The records below are to be repeated exactly, and their pictures left out.

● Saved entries
+++++
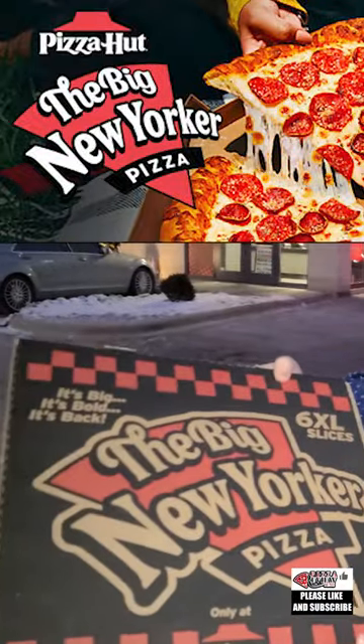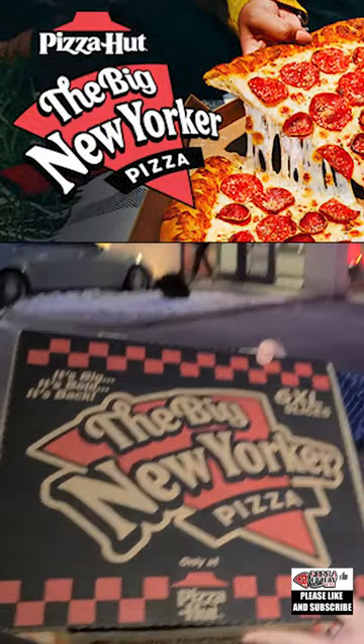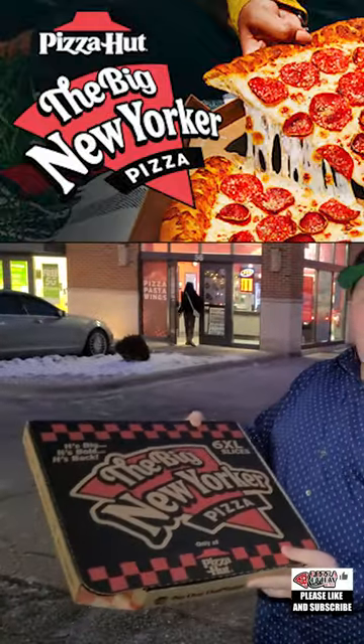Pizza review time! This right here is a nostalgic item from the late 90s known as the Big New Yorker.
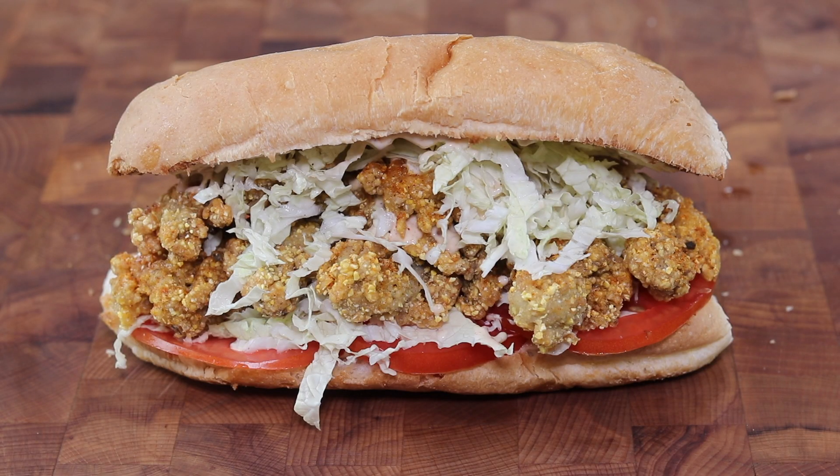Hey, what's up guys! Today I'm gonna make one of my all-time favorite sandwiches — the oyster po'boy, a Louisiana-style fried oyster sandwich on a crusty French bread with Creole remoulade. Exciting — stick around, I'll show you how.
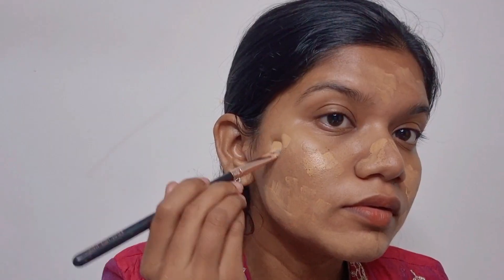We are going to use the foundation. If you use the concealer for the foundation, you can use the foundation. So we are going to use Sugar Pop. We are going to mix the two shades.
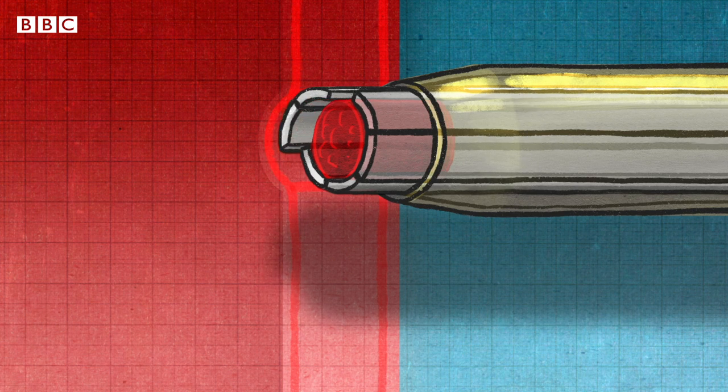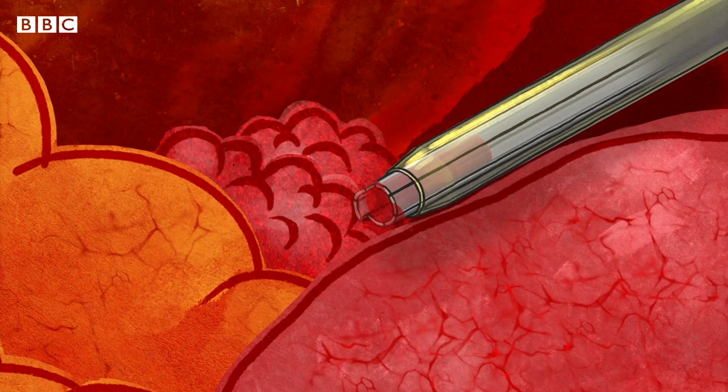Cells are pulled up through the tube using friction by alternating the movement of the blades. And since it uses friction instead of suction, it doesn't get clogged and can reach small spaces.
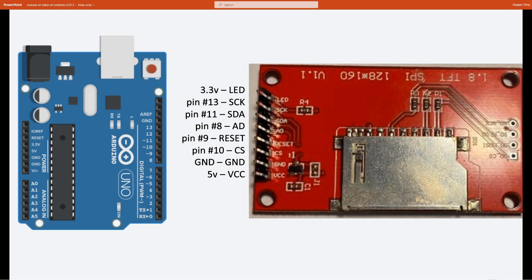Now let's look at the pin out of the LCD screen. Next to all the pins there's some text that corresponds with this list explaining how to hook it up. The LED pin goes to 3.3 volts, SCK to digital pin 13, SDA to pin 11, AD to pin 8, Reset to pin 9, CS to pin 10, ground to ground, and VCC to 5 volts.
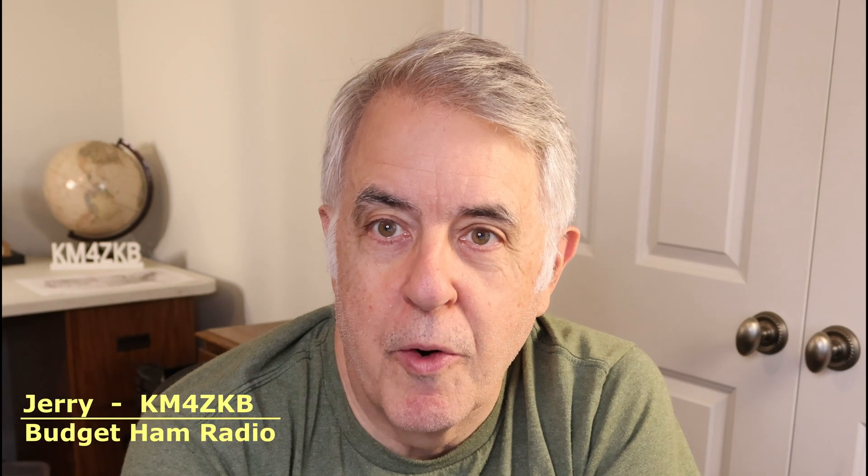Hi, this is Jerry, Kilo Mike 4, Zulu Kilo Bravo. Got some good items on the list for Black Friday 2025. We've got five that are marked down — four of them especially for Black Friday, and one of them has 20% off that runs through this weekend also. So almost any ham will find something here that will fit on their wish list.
+++++
● Answer area
Pizza review time! This right here is a nostalgic item from the late 90s known as the Big New Yorker.
Hey, what's up guys! Today I'm gonna make one of my all-time favorite sandwiches — the oyster po'boy, a Louisiana-style fried oyster sandwich on a crusty French bread with Creole remoulade. Exciting — stick around, I'll show you how.
We are going to use the foundation. If you use the concealer for the foundation, you can use the foundation. So we are going to use Sugar Pop. We are going to mix the two shades.
Cells are pulled up through the tube using friction by alternating the movement of the blades. And since it uses friction instead of suction, it doesn't get clogged and can reach small spaces.
Now let's look at the pin out of the LCD screen. Next to all the pins there's some text that corresponds with this list explaining how to hook it up. The LED pin goes to 3.3 volts, SCK to digital pin 13, SDA to pin 11, AD to pin 8, Reset to pin 9, CS to pin 10, ground to ground, and VCC to 5 volts.
Hi, this is Jerry, Kilo Mike 4, Zulu Kilo Bravo. Got some good items on the list for Black Friday 2025. We've got five that are marked down — four of them especially for Black Friday, and one of them has 20% off that runs through this weekend also. So almost any ham will find something here that will fit on their wish list.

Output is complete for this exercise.